O relatório do INE sobre o índice de desenvolvimento regional, recentemente publicado, veio por a nu alguns dos mitos do poder socialista dos Açores colocando a região no último lugar no que respeita à coesão.

E o mito de que no continente se está pior porque não governa o PS cai, imediatamente, quando percebemos que, nos Açores, governados por socialistas há já duas décadas, a região teima em ter os piores resultados quando se analisa o desenvolvimento humano e a coesão social e territorial.

O governo dos Açores, confrontado com esta realidade insiste em alimentar o mito, como se pudéssemos melhorar resultados só porque o poder insiste que somos melhores. E na sua perpétua fase de negação, dizem: “Nada disso! está mal, o relatório está mal feito! Não podemos comparar factores que nos Açores têm de ser vistos de forma diferente! E que nos prejudicam colocando-nos em último, injustamente.”

É o habitual truque populista de dizer: “essa gente não sabe o que é viver em ilhas e usa critérios que não são correctos!”.

Mas procuremos então dar razão aos socialistas insulares e às suas desculpas para que os Açores não sejam a região com piores resultados para o índice de desenvolvimento regional, vamos então procurar critérios económicos e sociais que nos distingam pela positiva e que nos façam melhorar no índice, qualquer que ele seja.

Lamentavelmente não encontramos assim, sem escavar algum dado fornecido pelos socialistas dos Açores, resultados que possamos ter para contrariar as conclusões do INE e que não dêem uma imagem tão negativa de 20 anos de governação do PS.

Se recordássemos os 70 mil açorianos isentos de taxas moderadoras na saúde poderíamos pensar nisso como positivo, são açorianos que não pagam taxas moderadoras! Mas olhando para o facto dessa isenção ser exclusiva da sua condição económica, temos de convir que isso não nos coloca lá muito bem em nenhuma estatística.

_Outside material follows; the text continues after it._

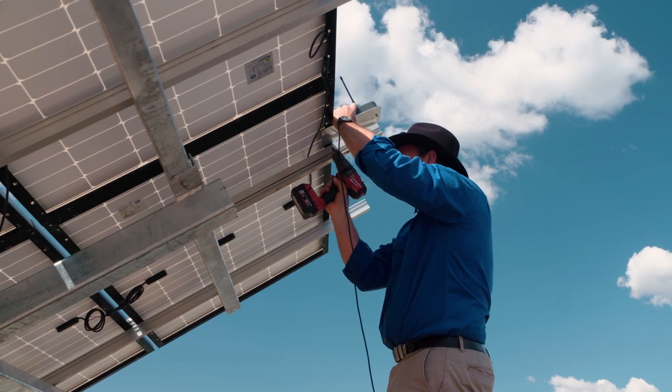I'd say that probably half an hour you'd be done and dusted with it. Anyone can do it — you just need a ladder and a drill to put the screws in.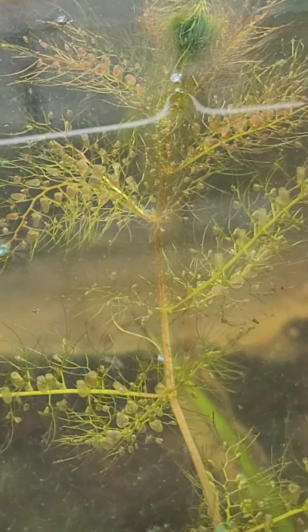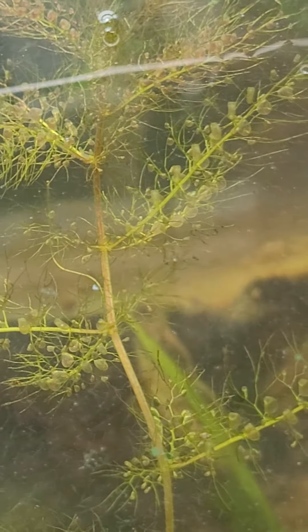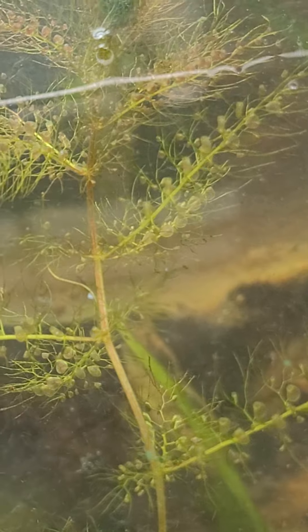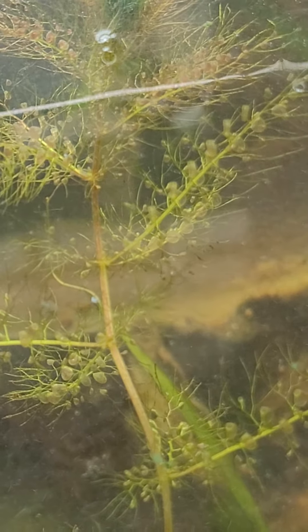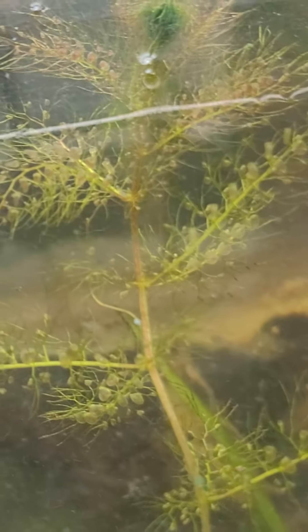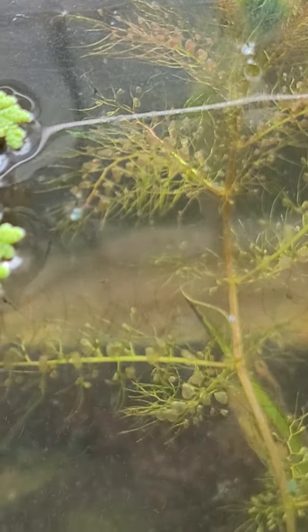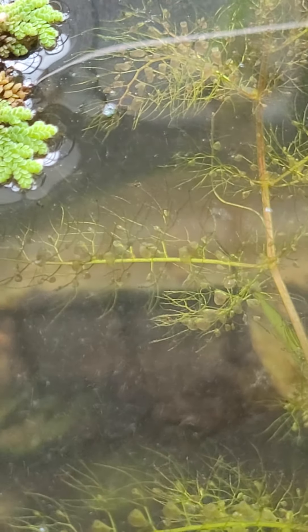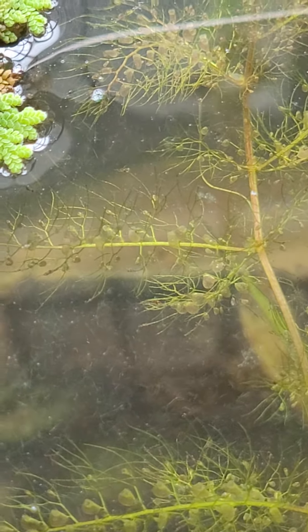This is Utricularia gibba. Those little pouch-like things that you see — that's the bladder. The little microorganisms get trapped in those little compartments and are then consumed by the plant. This is one of the carnivorous Utricularia.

Se pensássemos que somos a região em que maior percentagem da população recebe o RSI, poderíamos ser levados a pensar que aqui há um Estado Social presente no auxílio a quem mais necessita. Mas se olharmos a que o RSI é despesa do Orçamento de Estado e que são os mesmos critérios de atribuição em todo o país e nos Açores há uma percentagem de pessoas a necessitar desse apoio que é 4 vezes superior à percentagem do país, temos de concluir que também não é por aqui que podemos olhar para os índices de desenvolvimento e tecer qualquer crítica.

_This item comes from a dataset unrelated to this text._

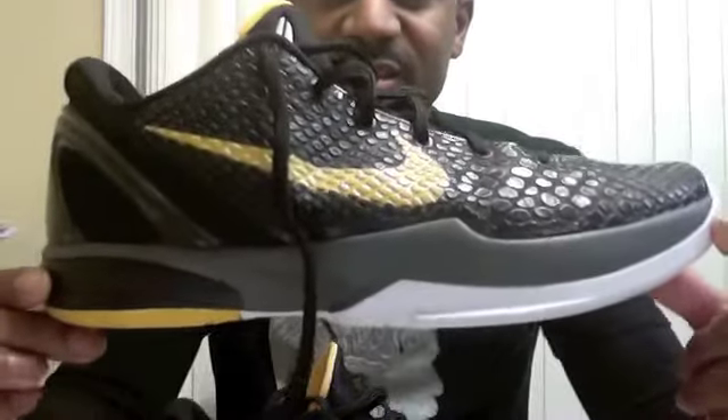Hey, what's up YouTube, sneakertube.tv, it's your man airjordan14 back with a performance review. Want to wish everybody a happy cement day and hope that everybody that wanted the cements was able to get them. You saw my earlier video — I did say I went to the gym and played in some shoes, and then I was going to do a performance review. Those shoes that I played in were the Zoom Kobe 6.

Se tivermos como linha de análise do nosso desenvolvimento económico e social o alcoolismo e dependências, a violência doméstica, a gravidez na adolescência, a percentagem de crianças com apoio social escolar, o desemprego, em especial o desemprego jovem, os 50 mil pensionistas com uma pensão média de pouco mais de 300 euros, ou os que nos Açores, em 2011, estavam abaixo da linha de pobreza e que, em percentagem de população, eram mais do que em 2014 os continentais na mesma situação, se quisermos mesmo encontrar dados que ajudem os socialistas a justificar o erro do último lugar que o INE nos atribui no índice de desenvolvimento regional no que toca à coesão, teremos de procurar em algum discurso de campanha de um inflamado membro destas duas décadas de socialismo insular, porque, dê por onde der, a realidade insiste em desmentir as desculpas para a má governança que atingiu os Açores e que obcecadamente teimam em negar.

O socialismo dos Açores continua a fazer crer que os outros estão pior, mas é a impiedade dos números que o contesta.